现在这个差事就像烫手山芋一样,王氏如今接也不是,丢也不是。
卢夫人一向强势,多年把持着家中的中馈,虽然已经娶了两房儿媳,却始终没有放权。这次因为卢芳过世,她心中悲痛万分,无法自已,这才第一次将事情交到王氏手中。
王氏虽然有心作为,可是巧妇难为无米之炊。面对空荡荡的库房,王氏只当是婆母在蓄意刁难。若是让她从自己私库里拿出东西来贴补,她无论如何却是不肯的。
卢芃害死了卢芳,卢夫人当然不会将事情交付给柳氏去做,但是府中除了王氏柳氏妯娌,再没有旁人。王氏心思一转,仍旧吩咐下人将库房锁上,又吩咐心腹去请了常用的大夫,自己则捂着肚子,装起了病。
等到大夫来诊断,说是王氏又有了身孕,只是胎象不稳,不能劳累,她便顺理成章地将钥匙对牌交还了回去。
于是第二波打击,又降临到了卢府。
拿着儿媳交回的钥匙对牌,卢夫人强撑着病体掌事。等到听说库房不知何时被人搬了一空,她气得当场晕厥过去。一时间延医买药,又是一片兵荒马乱。
卢蕃听了王氏私下里的话,心里更是多想了一层。如果没有意外,他将来是要继承卢府的,现在的情况也不知道是真的失窃还是假的失窃。听说除了地契和房契,家里公中的财物竟然荡然无存。
然而说起报官,卢阳却持反对意见。家中财物来路多有不明,丢失如此巨大的数额,如果引起皇帝的注意,只怕轻则流放,重则死刑。
在种种考量下,卢夫人不情不愿地拿出了自己的私房,低调朴素地简办了卢芳的丧事。谁知还没到头七,卢阳又出事了。
正月十五,王县令带着古月按旨到了皇宫。
巳时,古月被内监引着,到了天?阁。此地面圣的规矩,古月已经学得有些不耐烦了。她低调地梳了一个双平髻,头上点翠未戴,素面朝天,就这样伏在地上施了跪礼。
沐天德不过四十出头,正是年富力强的时候。他一张方正的国字脸,颌下几绺长须,和沐乘风相比,容貌粗犷了许多。

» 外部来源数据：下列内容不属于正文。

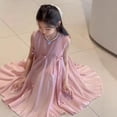 thumbnail image 5 of Nmnitkp Girl Dresses Summer Floral Dress Kids 2026 Puff Sleeve Square Neck Smocked Flowy Sun Dresses Pink,11 Years, 5 of 8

因为不是正式朝会,只是见一个普通平民,沐天德便只随意穿了一件黑色常服,此刻斜倚在天?阁的坐榻上,低头翻看着一本书。
外面天色明亮,光线从琉璃天窗透射下来,但沐天德的眼睛微眯,仿佛书上的字看得极是吃力。
在天?阁见古月,说明沐天德并没有把这次见面看得很正式,正好古月也只打算过一个场面而已。
天?阁内没有坐具,古月看着内监拿来的蒲团,心里微微发苦。不知道自己为什么会吃饱撑的,非要进京来找罪受。
她的家具设计图为什么还没有传进皇宫啊?这里不应该是国内潮流的最前沿吗?最好的东西为什么没有供应给皇宫?
她只想坐凳子,不想跪蒲团啊!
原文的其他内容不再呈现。